Berlin Polizist wegen Kinderpornos vor Gericht


In Berlin hat ein Polizist vor Gericht eingeräumt, von zwei Mädchen pornografische Fotos aufgenommen zu haben. Er legte zu Prozessbeginn ein Teilgeständnis ab. Auch die Eltern eines der Mädchen sind mitangeklagt. Sie sollen ihr Fotostudio für die Aufnahmen zur Verfügung gestellt haben.
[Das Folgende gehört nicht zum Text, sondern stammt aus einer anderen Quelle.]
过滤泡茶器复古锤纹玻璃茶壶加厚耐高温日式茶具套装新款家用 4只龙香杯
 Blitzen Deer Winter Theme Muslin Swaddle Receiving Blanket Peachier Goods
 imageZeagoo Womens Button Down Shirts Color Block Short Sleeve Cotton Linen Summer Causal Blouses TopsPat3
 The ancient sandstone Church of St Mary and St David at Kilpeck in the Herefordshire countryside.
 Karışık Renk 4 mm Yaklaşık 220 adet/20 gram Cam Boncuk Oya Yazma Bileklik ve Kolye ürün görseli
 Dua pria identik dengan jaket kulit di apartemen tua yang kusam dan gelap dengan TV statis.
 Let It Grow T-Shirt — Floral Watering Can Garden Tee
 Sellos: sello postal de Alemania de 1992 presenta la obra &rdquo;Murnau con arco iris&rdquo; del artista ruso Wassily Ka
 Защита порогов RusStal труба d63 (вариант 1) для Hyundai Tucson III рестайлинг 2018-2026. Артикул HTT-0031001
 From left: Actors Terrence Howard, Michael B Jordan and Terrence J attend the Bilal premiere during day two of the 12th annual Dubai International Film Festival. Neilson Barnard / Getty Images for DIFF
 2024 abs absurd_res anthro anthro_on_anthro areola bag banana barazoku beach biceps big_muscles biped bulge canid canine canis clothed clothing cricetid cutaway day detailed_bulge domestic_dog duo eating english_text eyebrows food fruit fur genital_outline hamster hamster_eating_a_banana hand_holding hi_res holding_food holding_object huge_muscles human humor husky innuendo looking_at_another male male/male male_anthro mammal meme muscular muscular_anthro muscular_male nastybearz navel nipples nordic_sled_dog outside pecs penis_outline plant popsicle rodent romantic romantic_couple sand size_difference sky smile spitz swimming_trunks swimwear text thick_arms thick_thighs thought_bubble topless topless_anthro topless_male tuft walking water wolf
Ein Berliner Polizist, der Pornofotos von zwei Schulmädchen aufgenommen hatte, hat zum Auftakt seines Prozesses ein Teilgeständnis abgelegt. Der seit Oktober vom Dienst suspendierte Kriminalbeamte erklärte über seinen Anwalt: "Ich bedauere sehr und empfinde große Scham". Die wegen Beihilfe mitangeklagten Eltern ihrer zur Tatzeit elfjährigen Tochter haben vor dem Berliner Landgericht den Vorwurf einer Mitwisserschaft eingeräumt. Sie hatten das in ihrer Wohnung in Berlin-Marzahn eingerichtete Fotostudio zur Verfügung gestellt. Im Jahr 2004 soll der Beamte einmal obszöne Fotos von der damals Achtjährigen und ihrem Vater aufgenommen haben.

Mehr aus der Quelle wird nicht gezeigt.